Part memoir, part monologue, with a dash of startling honesty, There’s Nothing in This Book That I Meant to Say features biographies of legendary historical figures from which Paula Poundstone can’t help digressing to tell her own story. Mining gold from the lives of Abraham Lincoln, Helen Keller, Joan of Arc, and Beethoven, among others, the eccentric and utterly inimitable mind of Paula Poundstone dissects, observes, and comments on the successes and failures of her own life with surprising candor and spot-on comedic timing in this unique laugh-out-loud book.
If you like Paula Poundstone’s ironic and blindingly intelligent humor, you’ll love this wryly observant, funny, and touching book.
Paula Poundstone on . . .
The sources of her self-esteem: “A couple of years ago I was reunited with a guy I knew in the fifth grade. He said, “All the other fifth-grade guys liked the pretty girls, but I liked you.” It’s hard to know if a guy is sincere when he lays it on that thick.
The battle between fatigue and informed citizenship: I play a videotape of The NewsHour with Jim Lehrer every night, but sometimes I only get as far as the theme song (da da-da-da da-ah) before I fall asleep. Sometimes as soon as Margaret Warner says whether or not Jim Lehrer is on vacation I drift right off. Somehow just knowing he’s well comforts me.

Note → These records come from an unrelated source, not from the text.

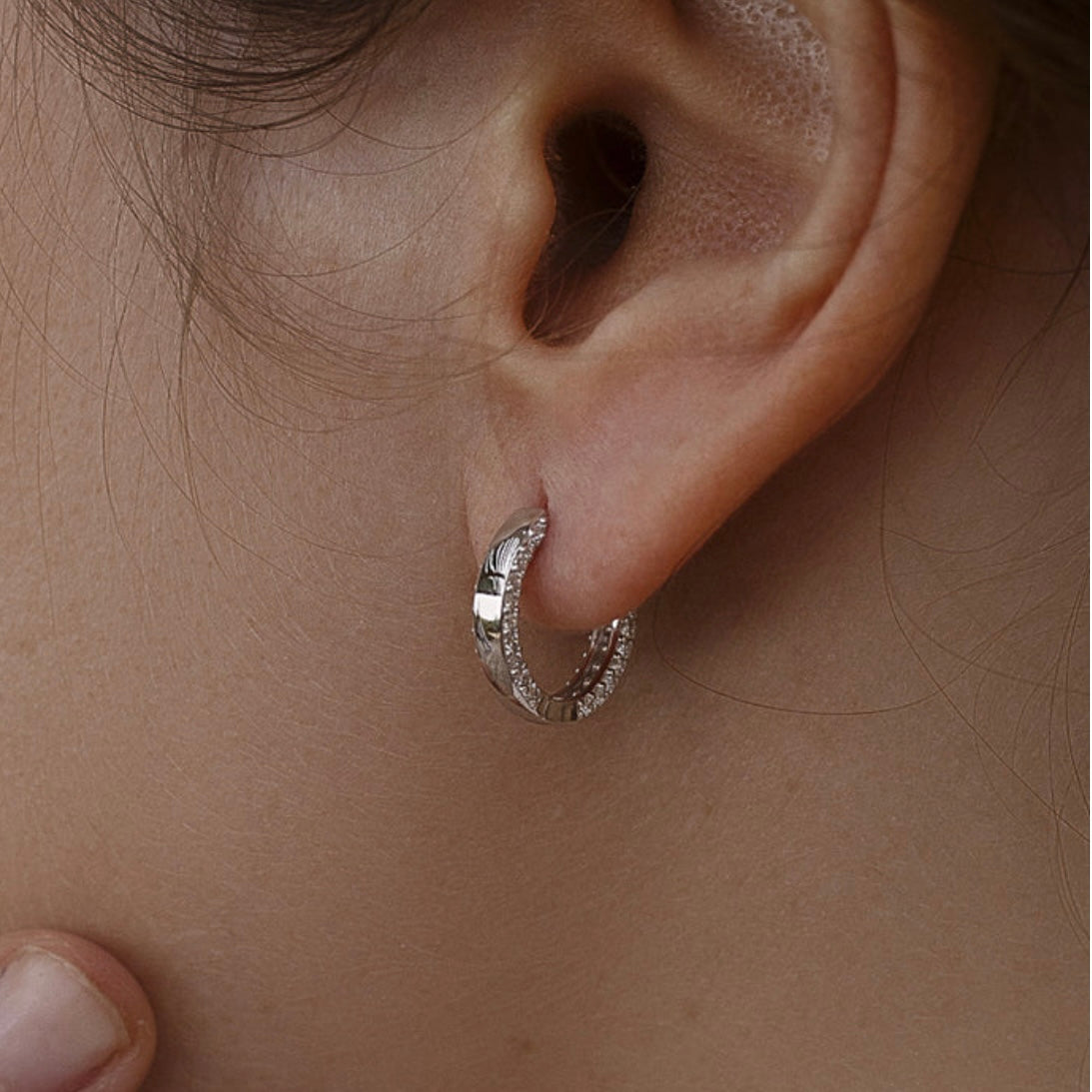 Lineargent orecchini a cerchio medi con mini zirconi sui lati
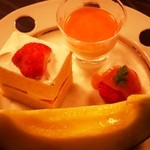 ホテル雅叙園東京 - マスクメロンと季節の杏仁豆腐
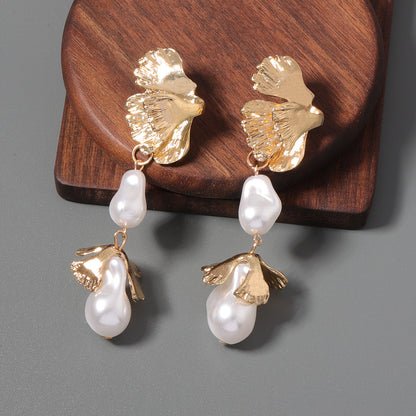 Charming Pearl Earring for Any Occasion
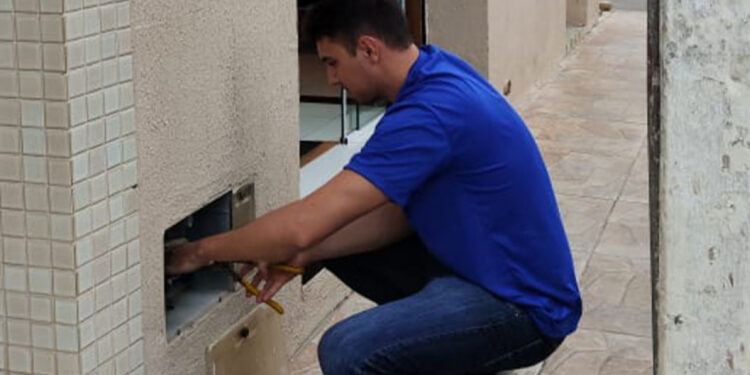 Porto da Folha: Deso monitora irregularidade e amplia abastecimento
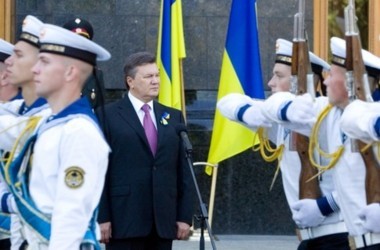 24 серпня 2011, 15:12 Переглядів:   Янукович взяв участь в урочистостях з нагоди ювілею Незалежності, фото прес-служби президента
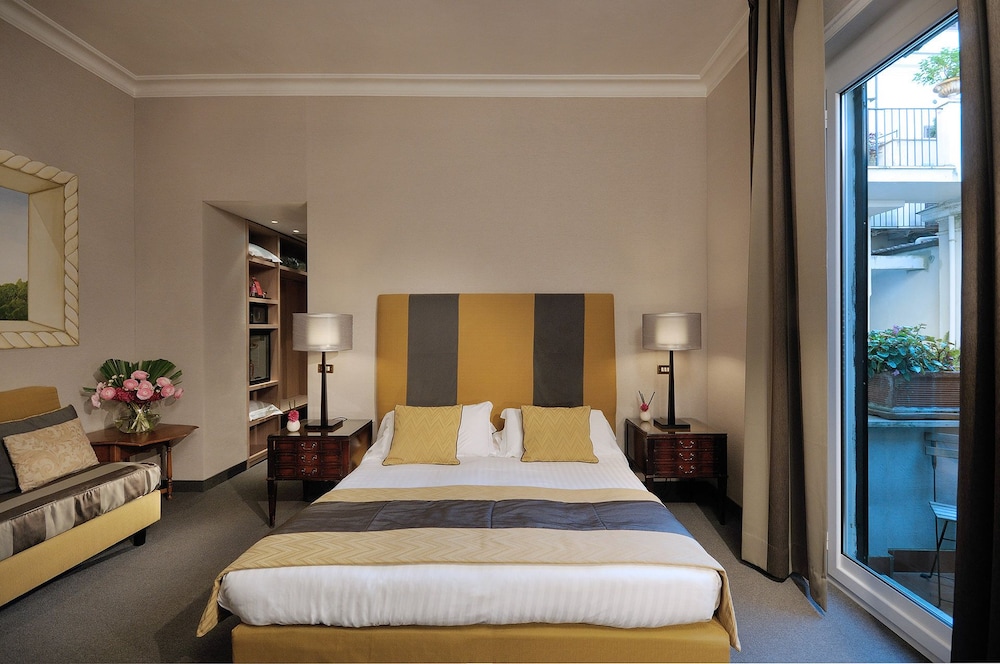 ROOM, TRIPLE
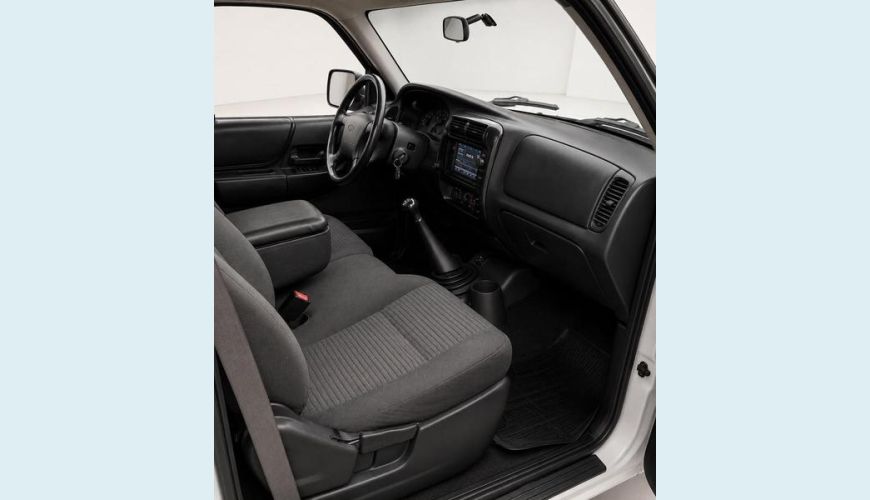 FORD RANGER XLS 12A 2.3 FLEX MANUAL 4P - BRANCO - 2011 Foto 9 (Grande)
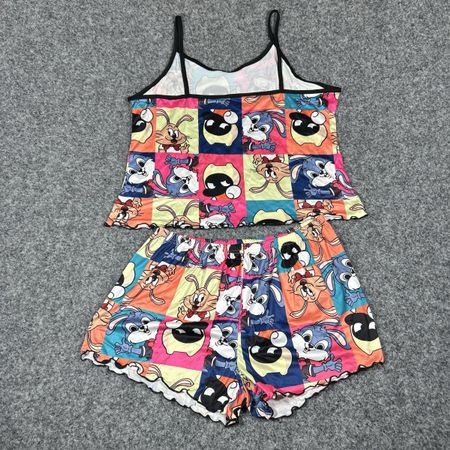 Tank top and short graphic 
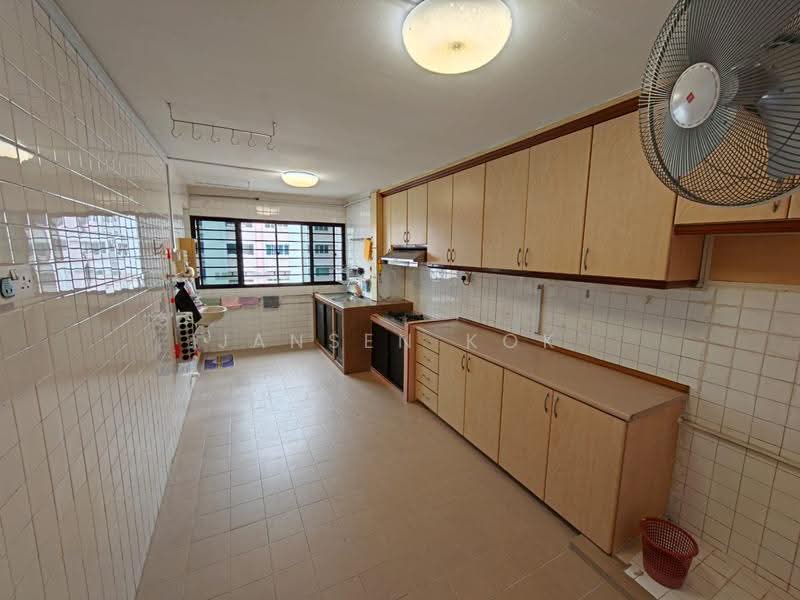 638 Ang Mo Kio Avenue 6, 638 Ang Mo Kio Avenue 6, Ang Mo Kio / Bishan / Thomson, 3 Bedrooms, 980 sqft, HDB Flat For Sale, by Jansen Kok, 500295224 - Kitchen - PropertyGuru.com.sg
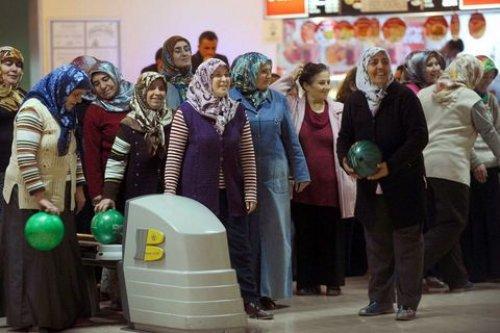 Gecekondulu kadınlar bowlingde - Resim 1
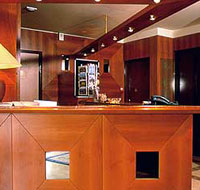 2 photo hotel PAVILLON BERCY GARE DE LYON, Paris, France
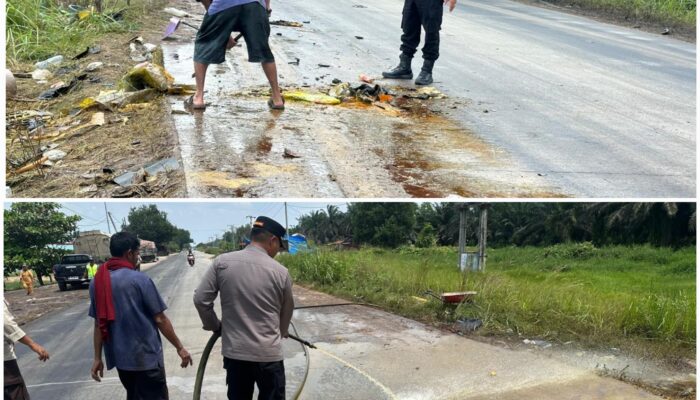 Polsek Sungai Sembilan Gerak Cepat Bersihkan Tumpahan CPO, Selamatkan Pengguna Jalan dari Ancaman Kecelakaan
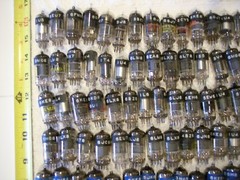 200 TUBES 6JU8A 4BZ6 6LN8 3V4 5J6 6–5 6–6 6–7 6–8 6BZ6 RCA GE SYLVANIA LOT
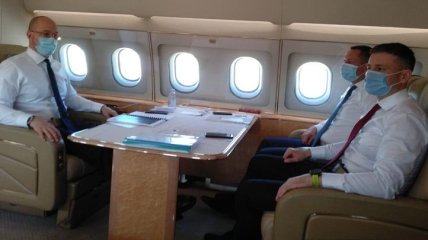 Прем'єр Шмигаль відлетів з першим робочим візитом до Брюсселя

The occult: I need to know exactly what day I’m gonna die so that I don’t bother putting away leftovers the night before.
TV’s misplaced priorities: Someday in the midst of the State of the Union address they’ll break in with, “We interrupt this program to bring you a little clip from Bewitched.”
Travel: In London I went to the queen’s house. I went as a tourist—she didn’t invite me so she could pick my brain: “What do you think of my face on the pound? Too serious?”
Air-conditioning in Florida: If it were as cold outside in the winter as they make it inside in the summer, they’d put the heat on. It makes no sense.
The scandal: The judge said I was the best probationer he ever had. Talk about proud.